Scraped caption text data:
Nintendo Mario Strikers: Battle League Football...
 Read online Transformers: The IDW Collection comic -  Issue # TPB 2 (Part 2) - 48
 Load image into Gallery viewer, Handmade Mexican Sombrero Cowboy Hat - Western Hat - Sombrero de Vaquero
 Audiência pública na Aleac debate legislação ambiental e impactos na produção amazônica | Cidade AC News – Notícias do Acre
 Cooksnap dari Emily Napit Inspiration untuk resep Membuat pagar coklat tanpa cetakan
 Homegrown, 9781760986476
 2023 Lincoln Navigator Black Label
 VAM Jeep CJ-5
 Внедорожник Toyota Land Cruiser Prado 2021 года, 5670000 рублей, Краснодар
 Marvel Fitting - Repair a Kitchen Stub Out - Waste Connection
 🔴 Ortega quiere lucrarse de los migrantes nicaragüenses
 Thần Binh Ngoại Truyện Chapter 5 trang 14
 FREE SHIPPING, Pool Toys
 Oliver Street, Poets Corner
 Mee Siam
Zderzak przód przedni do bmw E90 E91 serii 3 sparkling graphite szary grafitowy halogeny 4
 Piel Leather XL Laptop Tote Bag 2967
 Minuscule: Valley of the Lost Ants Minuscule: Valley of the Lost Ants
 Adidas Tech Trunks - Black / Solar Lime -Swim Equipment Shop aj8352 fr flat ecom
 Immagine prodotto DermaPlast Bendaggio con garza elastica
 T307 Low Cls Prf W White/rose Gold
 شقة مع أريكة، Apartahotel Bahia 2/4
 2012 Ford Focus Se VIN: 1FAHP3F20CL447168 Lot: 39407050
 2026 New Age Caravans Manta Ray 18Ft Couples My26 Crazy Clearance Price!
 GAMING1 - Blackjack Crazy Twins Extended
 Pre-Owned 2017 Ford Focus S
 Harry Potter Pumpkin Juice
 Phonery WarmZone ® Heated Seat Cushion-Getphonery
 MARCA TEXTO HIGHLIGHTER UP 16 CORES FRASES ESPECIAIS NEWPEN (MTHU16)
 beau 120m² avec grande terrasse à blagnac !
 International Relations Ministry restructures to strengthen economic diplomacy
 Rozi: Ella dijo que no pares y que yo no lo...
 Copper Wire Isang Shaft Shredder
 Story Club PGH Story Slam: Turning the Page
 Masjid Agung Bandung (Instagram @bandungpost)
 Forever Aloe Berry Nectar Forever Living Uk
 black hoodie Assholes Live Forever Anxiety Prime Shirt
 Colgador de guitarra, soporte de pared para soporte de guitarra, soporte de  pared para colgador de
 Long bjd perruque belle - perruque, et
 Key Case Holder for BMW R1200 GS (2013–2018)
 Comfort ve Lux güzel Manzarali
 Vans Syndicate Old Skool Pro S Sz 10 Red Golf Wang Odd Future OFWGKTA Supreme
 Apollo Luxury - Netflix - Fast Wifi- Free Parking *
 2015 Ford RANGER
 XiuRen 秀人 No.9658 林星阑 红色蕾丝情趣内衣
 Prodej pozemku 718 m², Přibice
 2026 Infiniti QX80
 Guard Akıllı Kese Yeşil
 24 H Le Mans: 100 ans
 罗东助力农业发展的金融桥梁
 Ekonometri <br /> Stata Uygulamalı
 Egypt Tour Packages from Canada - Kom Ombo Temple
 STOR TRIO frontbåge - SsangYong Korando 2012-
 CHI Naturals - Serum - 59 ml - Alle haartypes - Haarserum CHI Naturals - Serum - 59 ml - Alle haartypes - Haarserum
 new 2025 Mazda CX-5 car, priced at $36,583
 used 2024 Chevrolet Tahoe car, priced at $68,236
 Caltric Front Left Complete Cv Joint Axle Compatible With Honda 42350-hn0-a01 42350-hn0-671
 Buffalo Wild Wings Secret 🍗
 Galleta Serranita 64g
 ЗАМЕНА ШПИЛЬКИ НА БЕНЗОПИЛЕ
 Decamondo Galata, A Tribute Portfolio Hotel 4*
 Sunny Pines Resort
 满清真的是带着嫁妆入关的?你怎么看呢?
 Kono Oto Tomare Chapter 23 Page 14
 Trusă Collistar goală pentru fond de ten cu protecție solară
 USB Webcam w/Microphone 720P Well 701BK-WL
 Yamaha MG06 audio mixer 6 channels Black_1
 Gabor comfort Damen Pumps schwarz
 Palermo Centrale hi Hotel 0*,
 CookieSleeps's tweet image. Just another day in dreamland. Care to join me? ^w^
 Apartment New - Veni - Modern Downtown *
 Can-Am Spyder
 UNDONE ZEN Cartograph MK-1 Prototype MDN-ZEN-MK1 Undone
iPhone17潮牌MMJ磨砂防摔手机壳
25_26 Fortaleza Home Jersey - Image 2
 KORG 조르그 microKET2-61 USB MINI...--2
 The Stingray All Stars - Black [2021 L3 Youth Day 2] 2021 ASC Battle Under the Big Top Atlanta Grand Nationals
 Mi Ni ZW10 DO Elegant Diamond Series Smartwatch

## Problem to work on
Each line above must be printed exactly as it appears.

## Your solution
Nintendo Mario Strikers: Battle League Football...
 Read online Transformers: The IDW Collection comic -  Issue # TPB 2 (Part 2) - 48
 Load image into Gallery viewer, Handmade Mexican Sombrero Cowboy Hat - Western Hat - Sombrero de Vaquero
 Audiência pública na Aleac debate legislação ambiental e impactos na produção amazônica | Cidade AC News – Notícias do Acre
 Cooksnap dari Emily Napit Inspiration untuk resep Membuat pagar coklat tanpa cetakan
 Homegrown, 9781760986476
 2023 Lincoln Navigator Black Label
 VAM Jeep CJ-5
 Внедорожник Toyota Land Cruiser Prado 2021 года, 5670000 рублей, Краснодар
 Marvel Fitting - Repair a Kitchen Stub Out - Waste Connection
 🔴 Ortega quiere lucrarse de los migrantes nicaragüenses
 Thần Binh Ngoại Truyện Chapter 5 trang 14
 FREE SHIPPING, Pool Toys
 Oliver Street, Poets Corner
 Mee Siam
Zderzak przód przedni do bmw E90 E91 serii 3 sparkling graphite szary grafitowy halogeny 4
 Piel Leather XL Laptop Tote Bag 2967
 Minuscule: Valley of the Lost Ants Minuscule: Valley of the Lost Ants
 Adidas Tech Trunks - Black / Solar Lime -Swim Equipment Shop aj8352 fr flat ecom
 Immagine prodotto DermaPlast Bendaggio con garza elastica
 T307 Low Cls Prf W White/rose Gold
 شقة مع أريكة، Apartahotel Bahia 2/4
 2012 Ford Focus Se VIN: 1FAHP3F20CL447168 Lot: 39407050
 2026 New Age Caravans Manta Ray 18Ft Couples My26 Crazy Clearance Price!
 GAMING1 - Blackjack Crazy Twins Extended
 Pre-Owned 2017 Ford Focus S
 Harry Potter Pumpkin Juice
 Phonery WarmZone ® Heated Seat Cushion-Getphonery
 MARCA TEXTO HIGHLIGHTER UP 16 CORES FRASES ESPECIAIS NEWPEN (MTHU16)
 beau 120m² avec grande terrasse à blagnac !
 International Relations Ministry restructures to strengthen economic diplomacy
 Rozi: Ella dijo que no pares y que yo no lo...
 Copper Wire Isang Shaft Shredder
 Story Club PGH Story Slam: Turning the Page
 Masjid Agung Bandung (Instagram @bandungpost)
 Forever Aloe Berry Nectar Forever Living Uk
 black hoodie Assholes Live Forever Anxiety Prime Shirt
 Colgador de guitarra, soporte de pared para soporte de guitarra, soporte de  pared para colgador de
 Long bjd perruque belle - perruque, et
 Key Case Holder for BMW R1200 GS (2013–2018)
 Comfort ve Lux güzel Manzarali
 Vans Syndicate Old Skool Pro S Sz 10 Red Golf Wang Odd Future OFWGKTA Supreme
 Apollo Luxury - Netflix - Fast Wifi- Free Parking *
 2015 Ford RANGER
 XiuRen 秀人 No.9658 林星阑 红色蕾丝情趣内衣
 Prodej pozemku 718 m², Přibice
 2026 Infiniti QX80
 Guard Akıllı Kese Yeşil
 24 H Le Mans: 100 ans
 罗东助力农业发展的金融桥梁
 Ekonometri <br /> Stata Uygulamalı
 Egypt Tour Packages from Canada - Kom Ombo Temple
 STOR TRIO frontbåge - SsangYong Korando 2012-
 CHI Naturals - Serum - 59 ml - Alle haartypes - Haarserum CHI Naturals - Serum - 59 ml - Alle haartypes - Haarserum
 new 2025 Mazda CX-5 car, priced at $36,583
 used 2024 Chevrolet Tahoe car, priced at $68,236
 Caltric Front Left Complete Cv Joint Axle Compatible With Honda 42350-hn0-a01 42350-hn0-671
 Buffalo Wild Wings Secret 🍗
 Galleta Serranita 64g
 ЗАМЕНА ШПИЛЬКИ НА БЕНЗОПИЛЕ
 Decamondo Galata, A Tribute Portfolio Hotel 4*
 Sunny Pines Resort
 满清真的是带着嫁妆入关的?你怎么看呢?
 Kono Oto Tomare Chapter 23 Page 14
 Trusă Collistar goală pentru fond de ten cu protecție solară
 USB Webcam w/Microphone 720P Well 701BK-WL
 Yamaha MG06 audio mixer 6 channels Black_1
 Gabor comfort Damen Pumps schwarz
 Palermo Centrale hi Hotel 0*,
 CookieSleeps's tweet image. Just another day in dreamland. Care to join me? ^w^
 Apartment New - Veni - Modern Downtown *
 Can-Am Spyder
 UNDONE ZEN Cartograph MK-1 Prototype MDN-ZEN-MK1 Undone
iPhone17潮牌MMJ磨砂防摔手机壳
25_26 Fortaleza Home Jersey - Image 2
 KORG 조르그 microKET2-61 USB MINI...--2
 The Stingray All Stars - Black [2021 L3 Youth Day 2] 2021 ASC Battle Under the Big Top Atlanta Grand Nationals
 Mi Ni ZW10 DO Elegant Diamond Series Smartwatch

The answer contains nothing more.